### [Work instruction]
Repeat the data that follows verbatim. Images are not part of the copy.
•••
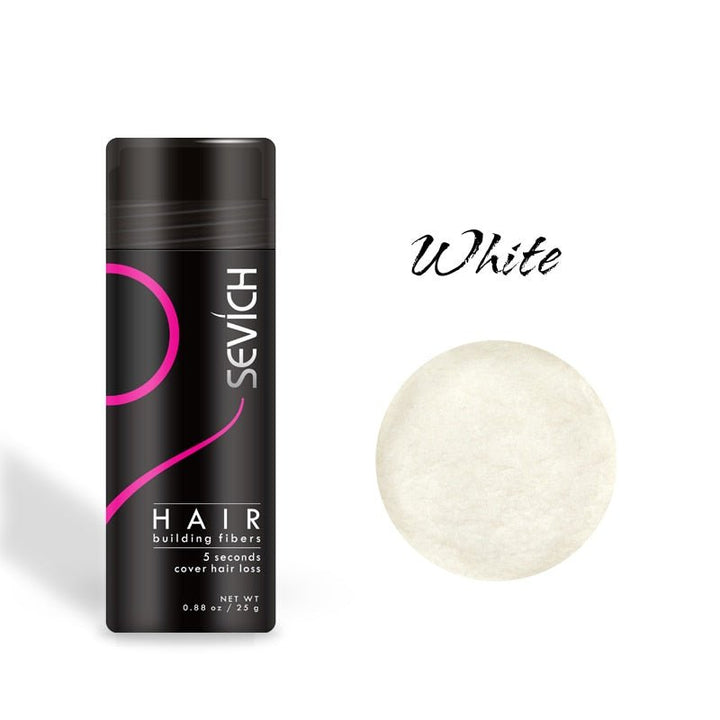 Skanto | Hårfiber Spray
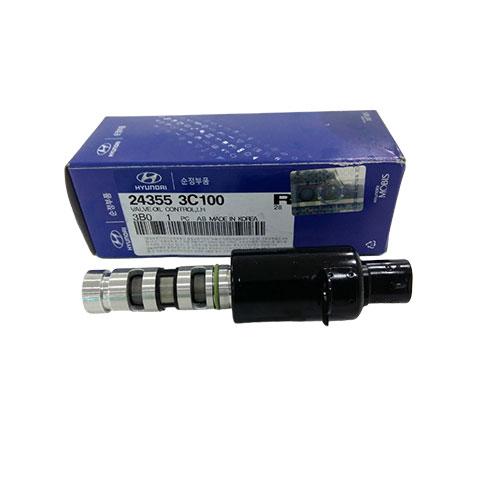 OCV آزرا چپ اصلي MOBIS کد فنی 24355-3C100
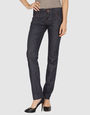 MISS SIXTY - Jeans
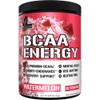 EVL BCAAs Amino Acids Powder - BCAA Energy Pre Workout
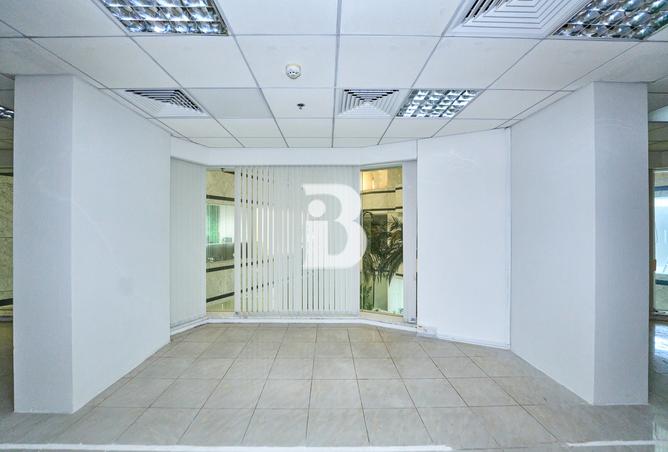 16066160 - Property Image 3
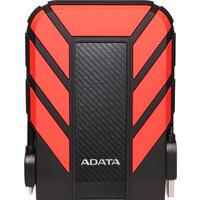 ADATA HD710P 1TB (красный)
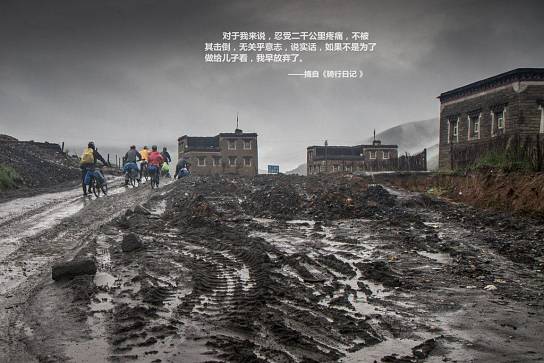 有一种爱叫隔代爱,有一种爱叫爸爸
•••
### [Answer for this exercise]
 Skanto | Hårfiber Spray
 OCV آزرا چپ اصلي MOBIS کد فنی 24355-3C100
 MISS SIXTY - Jeans
 EVL BCAAs Amino Acids Powder - BCAA Energy Pre Workout
 16066160 - Property Image 3
 ADATA HD710P 1TB (красный)
 有一种爱叫隔代爱,有一种爱叫爸爸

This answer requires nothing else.